The U.S. Senate on Thursday (Jan. 16) voted to approve the U.S.-Mexico-Canada Trade Agreement (USMCA), which sends the far-reaching new trade rules to President Donald Trump for his signature. The USMCA will replace the more than 25-year old North American Free Trade Agreement (NAFTA).
With a few exceptions related primarily to the environment and labor issues, replacing NAFTA has been supported by most members of both parties. The 89-10 vote in the Senate follows a 385-41 vote held mid-December in the U.S. House of Representatives.
Canada and Mexico are Arkansas’ and the United States’ two largest agricultural trading partners, totaling a combined $40 billion in 2018. The new deal is estimated to boost U.S. GDP by $70 billion a year, and add 800,000 jobs on the U.S. economy.
In Arkansas, the USMCA will support $2.1 billion in exports shipped from Arkansas to Canada and Mexico every year, open Canada’s market to sell dairy, wheat, chicken, eggs, and turkey from Arkansas farmers, modernize intellectual property (IP) protections; and ensure tariff-free trade for Arkansas manufacturers which could have faced up to $225 million in extra taxes without USMCA.
The USMCA also includes a 16-year expiration date and a provision that requires a review of the deal every six years, when it can be extended. It further updates the dispute settlement process. NAFTA’s dispute-settlement system, which allows member countries to bring grievances against other members over allegations of unfair trading practices, will remain the same. (Link here for more details about provisions in the new agreement.)
U.S. Sen. John Boozman, R-Ark., said the new trade deal will support 120,000 Arkansas jobs.

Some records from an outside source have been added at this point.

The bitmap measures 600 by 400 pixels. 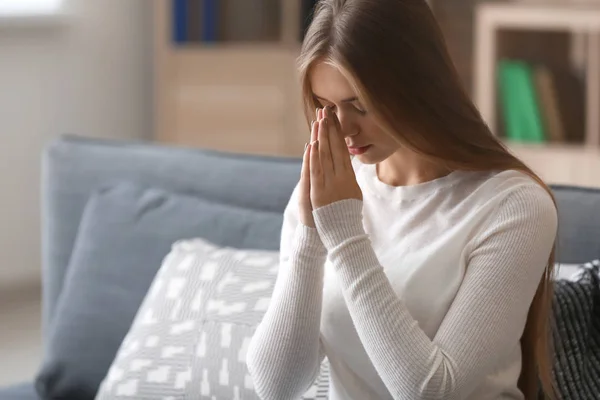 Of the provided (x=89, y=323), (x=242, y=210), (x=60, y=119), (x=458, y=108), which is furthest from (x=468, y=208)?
(x=60, y=119)

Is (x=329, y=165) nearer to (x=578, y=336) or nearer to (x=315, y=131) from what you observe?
(x=315, y=131)

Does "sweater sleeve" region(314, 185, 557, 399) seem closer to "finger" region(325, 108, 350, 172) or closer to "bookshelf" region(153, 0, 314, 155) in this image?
"finger" region(325, 108, 350, 172)

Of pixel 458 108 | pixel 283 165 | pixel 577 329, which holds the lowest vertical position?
pixel 577 329

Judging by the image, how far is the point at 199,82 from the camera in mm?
4449

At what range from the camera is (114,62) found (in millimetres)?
4535

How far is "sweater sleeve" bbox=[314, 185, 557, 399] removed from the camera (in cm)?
139

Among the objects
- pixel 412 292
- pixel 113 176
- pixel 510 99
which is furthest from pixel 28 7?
pixel 412 292

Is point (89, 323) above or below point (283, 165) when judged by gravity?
below

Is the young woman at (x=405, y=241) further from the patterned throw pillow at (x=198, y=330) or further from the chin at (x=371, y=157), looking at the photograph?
the patterned throw pillow at (x=198, y=330)

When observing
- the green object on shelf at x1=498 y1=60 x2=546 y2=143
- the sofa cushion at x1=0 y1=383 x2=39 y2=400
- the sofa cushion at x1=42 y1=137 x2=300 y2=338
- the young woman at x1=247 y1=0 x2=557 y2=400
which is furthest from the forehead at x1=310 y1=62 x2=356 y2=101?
the green object on shelf at x1=498 y1=60 x2=546 y2=143

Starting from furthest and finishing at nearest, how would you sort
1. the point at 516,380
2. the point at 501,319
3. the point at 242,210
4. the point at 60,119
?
the point at 60,119, the point at 242,210, the point at 516,380, the point at 501,319

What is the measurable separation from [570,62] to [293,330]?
275cm

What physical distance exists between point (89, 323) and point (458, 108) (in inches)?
34.5

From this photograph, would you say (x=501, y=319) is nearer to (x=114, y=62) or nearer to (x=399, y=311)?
(x=399, y=311) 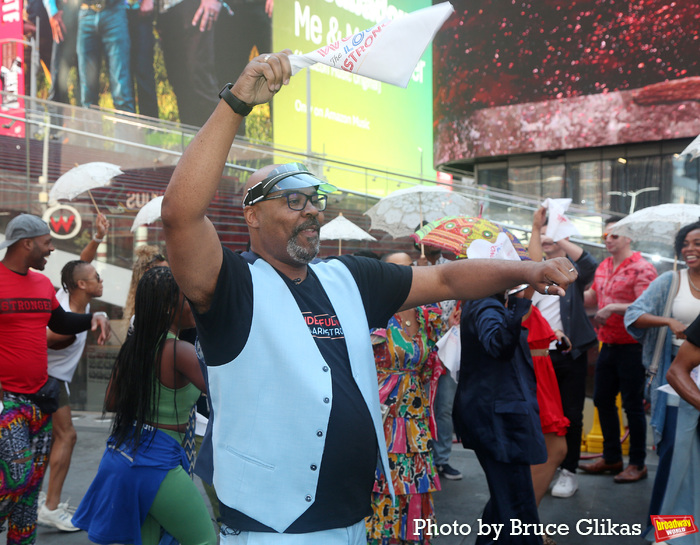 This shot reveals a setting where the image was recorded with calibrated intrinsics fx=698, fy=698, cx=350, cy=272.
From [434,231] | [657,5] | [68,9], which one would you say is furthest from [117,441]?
[68,9]

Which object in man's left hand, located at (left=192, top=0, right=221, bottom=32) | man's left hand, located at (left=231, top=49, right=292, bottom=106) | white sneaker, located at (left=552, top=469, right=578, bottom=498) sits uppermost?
man's left hand, located at (left=192, top=0, right=221, bottom=32)

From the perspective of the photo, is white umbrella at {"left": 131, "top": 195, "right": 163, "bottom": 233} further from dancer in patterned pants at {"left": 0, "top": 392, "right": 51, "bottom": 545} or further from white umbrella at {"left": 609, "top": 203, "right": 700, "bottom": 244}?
white umbrella at {"left": 609, "top": 203, "right": 700, "bottom": 244}

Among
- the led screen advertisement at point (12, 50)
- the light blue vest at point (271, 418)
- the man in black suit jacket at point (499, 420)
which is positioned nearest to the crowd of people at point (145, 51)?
the led screen advertisement at point (12, 50)

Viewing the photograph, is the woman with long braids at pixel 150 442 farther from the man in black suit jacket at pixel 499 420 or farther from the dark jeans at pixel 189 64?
the dark jeans at pixel 189 64

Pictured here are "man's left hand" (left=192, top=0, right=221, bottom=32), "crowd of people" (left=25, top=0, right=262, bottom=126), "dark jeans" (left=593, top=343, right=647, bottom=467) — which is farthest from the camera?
"crowd of people" (left=25, top=0, right=262, bottom=126)

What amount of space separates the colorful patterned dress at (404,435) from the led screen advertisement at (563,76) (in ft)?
67.1

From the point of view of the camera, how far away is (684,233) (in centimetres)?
483

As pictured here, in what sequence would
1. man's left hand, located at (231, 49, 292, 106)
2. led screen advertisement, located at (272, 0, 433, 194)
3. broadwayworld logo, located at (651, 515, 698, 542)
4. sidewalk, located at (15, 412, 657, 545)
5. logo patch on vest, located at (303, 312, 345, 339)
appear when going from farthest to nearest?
led screen advertisement, located at (272, 0, 433, 194) → sidewalk, located at (15, 412, 657, 545) → broadwayworld logo, located at (651, 515, 698, 542) → logo patch on vest, located at (303, 312, 345, 339) → man's left hand, located at (231, 49, 292, 106)

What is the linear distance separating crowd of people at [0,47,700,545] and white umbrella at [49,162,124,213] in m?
2.37

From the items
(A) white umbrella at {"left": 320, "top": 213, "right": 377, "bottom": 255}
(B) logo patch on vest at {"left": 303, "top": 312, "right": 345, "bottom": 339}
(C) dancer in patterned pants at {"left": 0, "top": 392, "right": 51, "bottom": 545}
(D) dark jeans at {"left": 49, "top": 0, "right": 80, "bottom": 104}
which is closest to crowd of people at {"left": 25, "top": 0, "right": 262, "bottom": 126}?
(D) dark jeans at {"left": 49, "top": 0, "right": 80, "bottom": 104}

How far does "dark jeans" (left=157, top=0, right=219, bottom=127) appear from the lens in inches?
1340

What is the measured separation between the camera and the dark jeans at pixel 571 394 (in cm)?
589

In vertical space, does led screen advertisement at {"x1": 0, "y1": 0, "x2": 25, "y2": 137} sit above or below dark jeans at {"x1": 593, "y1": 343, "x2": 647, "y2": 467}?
above

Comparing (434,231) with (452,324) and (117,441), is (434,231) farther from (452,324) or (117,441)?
(117,441)
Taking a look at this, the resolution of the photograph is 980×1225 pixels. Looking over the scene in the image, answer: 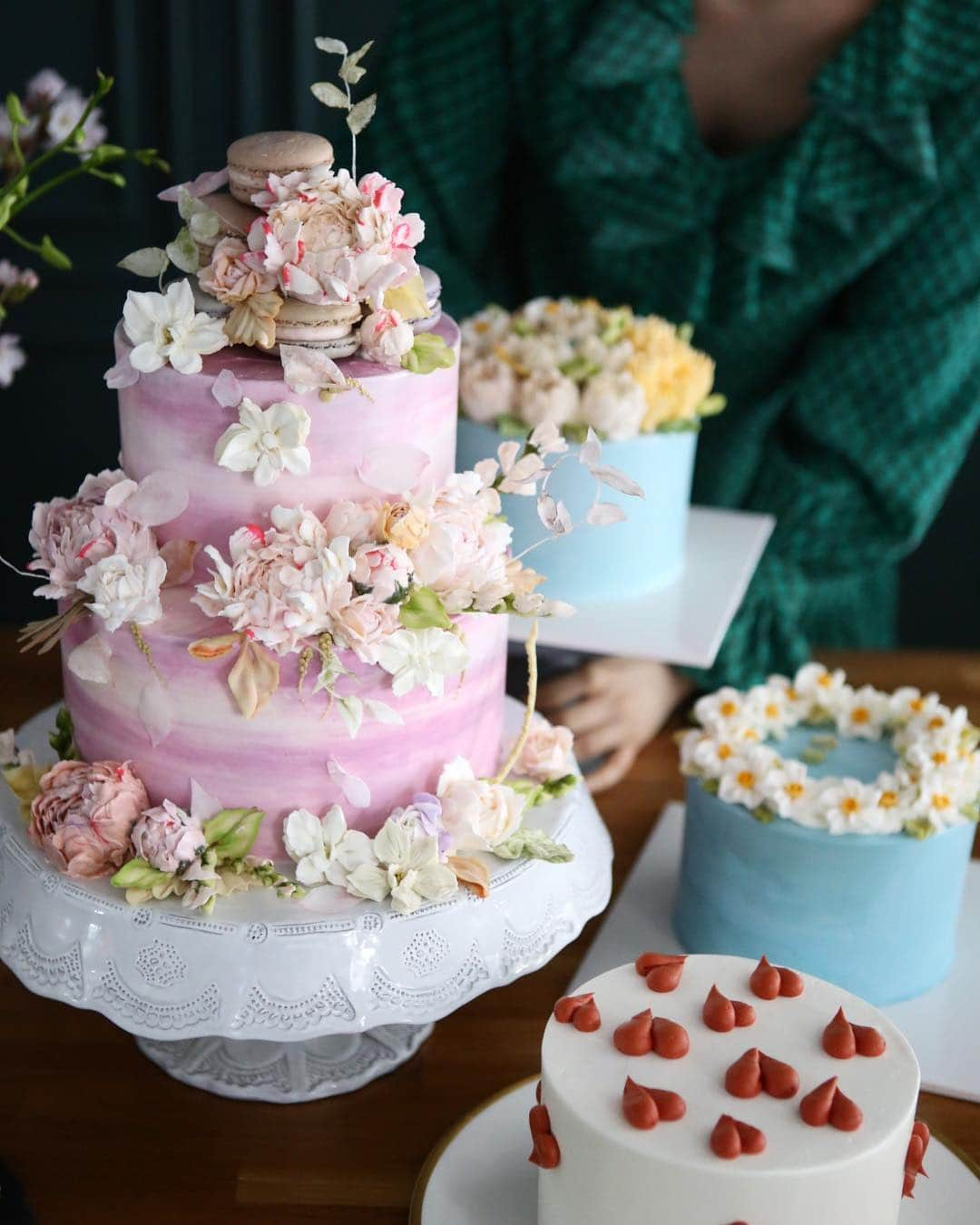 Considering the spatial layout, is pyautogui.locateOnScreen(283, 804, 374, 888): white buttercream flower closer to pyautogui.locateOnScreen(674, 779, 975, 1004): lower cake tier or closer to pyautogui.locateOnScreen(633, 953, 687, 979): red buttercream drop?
pyautogui.locateOnScreen(633, 953, 687, 979): red buttercream drop

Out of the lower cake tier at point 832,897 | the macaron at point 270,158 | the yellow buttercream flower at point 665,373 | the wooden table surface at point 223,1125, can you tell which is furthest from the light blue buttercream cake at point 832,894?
the macaron at point 270,158

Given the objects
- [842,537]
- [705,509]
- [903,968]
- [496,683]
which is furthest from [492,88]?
[903,968]

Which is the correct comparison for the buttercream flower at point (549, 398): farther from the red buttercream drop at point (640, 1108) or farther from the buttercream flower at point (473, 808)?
the red buttercream drop at point (640, 1108)

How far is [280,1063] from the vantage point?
1.01 metres

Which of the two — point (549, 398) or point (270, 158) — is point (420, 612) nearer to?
point (270, 158)

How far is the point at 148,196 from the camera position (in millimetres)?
2203

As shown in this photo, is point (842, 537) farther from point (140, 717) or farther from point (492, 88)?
point (140, 717)

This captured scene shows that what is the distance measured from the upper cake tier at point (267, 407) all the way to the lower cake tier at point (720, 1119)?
32 cm

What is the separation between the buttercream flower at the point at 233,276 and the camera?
82cm

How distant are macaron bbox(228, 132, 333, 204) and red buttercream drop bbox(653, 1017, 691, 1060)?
515 millimetres

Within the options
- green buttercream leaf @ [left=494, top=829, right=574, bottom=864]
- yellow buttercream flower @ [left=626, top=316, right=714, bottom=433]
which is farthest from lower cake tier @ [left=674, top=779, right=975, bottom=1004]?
yellow buttercream flower @ [left=626, top=316, right=714, bottom=433]

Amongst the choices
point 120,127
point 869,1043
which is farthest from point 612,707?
point 120,127

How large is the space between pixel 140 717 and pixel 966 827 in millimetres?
620

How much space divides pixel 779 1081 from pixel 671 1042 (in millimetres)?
61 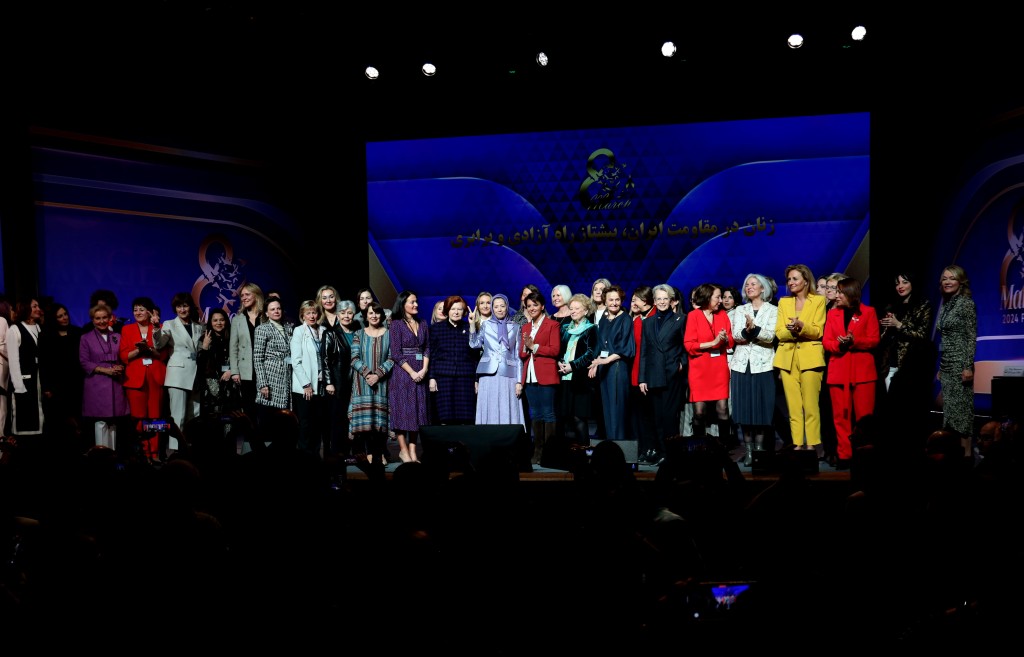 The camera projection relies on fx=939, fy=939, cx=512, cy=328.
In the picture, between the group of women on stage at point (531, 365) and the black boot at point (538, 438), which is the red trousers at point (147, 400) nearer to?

“Passage of USMCA ensures Arkansas agricultural producers, manufacturers and small businesses have a level playing field to compete in the global market. This deal with our state’s top two trading partners will support economic growth, enhance market access, create jobs and increase economic opportunity. For too long, Arkansans have asked Congress to act on this modernized trade deal. Fortunately, the Senate worked promptly to move this historic agreement through to the finish line. I’m pleased we are able to deliver this economic accomplishment for hardworking Americans,” Boozman said in a statement.
Melvin Torres, director of Western Hemisphere trade at World Trade Center Arkansas, also praised the deal that now awaits the president’s signature.
“After 26 years of consistent growth in exports from Arkansas to Canada and Mexico, long-term statistical data has shown that this more modern trade agreement will exceedingly propel the state’s economy through our two largest export partners,” Torres said. “This strong symbiotic relationship with both countries is fostered by true partnership, which correlates with quantitative trends showing exports to both markets will continue growing for Arkansas through updates on the new United States-Mexico-Canada Agreement.”
Torres also said Arkansas stands to benefit from the deal because “quantifiable trends” show that Arkansas farmers and businesses export more to Canada and Mexico than the state imports.
Rich Hillman, president of the Arkansas Farm Bureau, said agriculture provides more than $20 billion annually to Arkansas’ gross state product, with roughly one-third of Arkansas agri products entering the export market.
“It’s about time we have this agreement ratified,” Hillman said. “Passage of USMCA will help stabilize the marketplace and will allow the United States to focus efforts on other important trade agreements around the world. … On the heels of the U.S-China trade agreement signed on Wednesday, this marks consecutive agreements that will benefit Arkansas farmers and ranchers.”